Milestones, Mar. 19, 1951

2 minute read
TIME

Born. To Garry Davis, 29, stage & TV actor, who last year gave up being No. 1 World Citizen to apply for the U.S. citizenship he renounced in 1948, and Audrey Peters Davis, 22, former Hollywood dancer: their first child, a daughter. Name: Kristina Star. Weight: 7 Ibs. 4 oz.

Divorced. Ian Douglas Campbell, 11th Duke of Argyll, 47, chief of Scotland’s Clan Campbell, who is currently engaged in the resurrection of a sunken 16th Century treasure ship (“I think the world is too drab; we could do with a little romance”—TIME May 15); by his second wife, Louise Clews Varreck Campbell, 45, who Charged adultery; after 15 years of marriage, two sons; in Edinburgh.

Died. Virgil Munday Chapman, 55, Democratic Senator from Kentucky since 1949, for 22 years before that a Representative from Kentucky’s Bourbon County, who generally voted with the Administration on foreign issues, against it on domestic ones; after a motor collision with a truck; in Bethesda, Md.

Died.
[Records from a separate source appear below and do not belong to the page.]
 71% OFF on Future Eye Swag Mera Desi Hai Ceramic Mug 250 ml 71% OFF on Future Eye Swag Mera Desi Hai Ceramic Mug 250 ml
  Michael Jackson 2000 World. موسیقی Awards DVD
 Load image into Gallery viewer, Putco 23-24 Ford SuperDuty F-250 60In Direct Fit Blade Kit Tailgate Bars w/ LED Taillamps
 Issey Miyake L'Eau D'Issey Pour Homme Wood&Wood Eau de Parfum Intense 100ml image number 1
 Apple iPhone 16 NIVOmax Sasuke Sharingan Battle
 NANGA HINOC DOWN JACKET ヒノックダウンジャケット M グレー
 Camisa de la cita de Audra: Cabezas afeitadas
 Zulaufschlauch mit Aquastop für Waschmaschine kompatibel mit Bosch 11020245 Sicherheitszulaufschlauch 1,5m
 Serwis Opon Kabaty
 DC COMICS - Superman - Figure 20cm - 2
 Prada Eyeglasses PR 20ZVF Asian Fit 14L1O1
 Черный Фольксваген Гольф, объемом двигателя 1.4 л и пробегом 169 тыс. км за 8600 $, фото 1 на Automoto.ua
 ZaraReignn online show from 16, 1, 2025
Ivor Novello (Davies), 58, Welsh-born British matinee idol, tunesmith and playwright (Careless Rapture, Perchance to Dream), best known in the U.S. fo Keep the Home Fires Burning; of a coronary thrombosis; in London.

Died. Marquis Gonzalo Queipo de Llano y Sierra, 76, a general under Franco in Spain’s 1936-39 civil war; after long illness; near Seville. The marquis was famed for only one military feat: outfoxing superior Loyalist forces in Seville, and easily taking the city. Mostly, he fought the war—and won his reputation—with nightly propaganda broadcasts (“The common people are swine . . . Spain must again be made a country fit for caballeros to live in”).

Died. Harold Bauer, 77, British-born concert pianist, who made his debut at nine as a violinist, switched to the piano at 20, became a U.S. citizen in 1921, made world concert tours for half a century, then retired and wrote about them in Harold Bauer: His Book (1948); of a heart ailment; in Miami.

Died. Kijuro Shidehara, 78, Japanese statesman; of a heart attack; in Tokyo. Shidehara, onetime Ambassador to Washington, was an advocate of peaceful expansion in a country overrun by military fanatics. Because he opposed Japan’s 1931 march on Manchuria, the warlords unseated him from the Foreign Ministry. After 14 years in retirement, he became Prime Minister for six months following World War II.

Died. Olga Evgenyevna Alliluyeva, mother-in-law of Joseph Stalin (her daughter, Nadezhda, his second wife, died in 1932); in Moscow.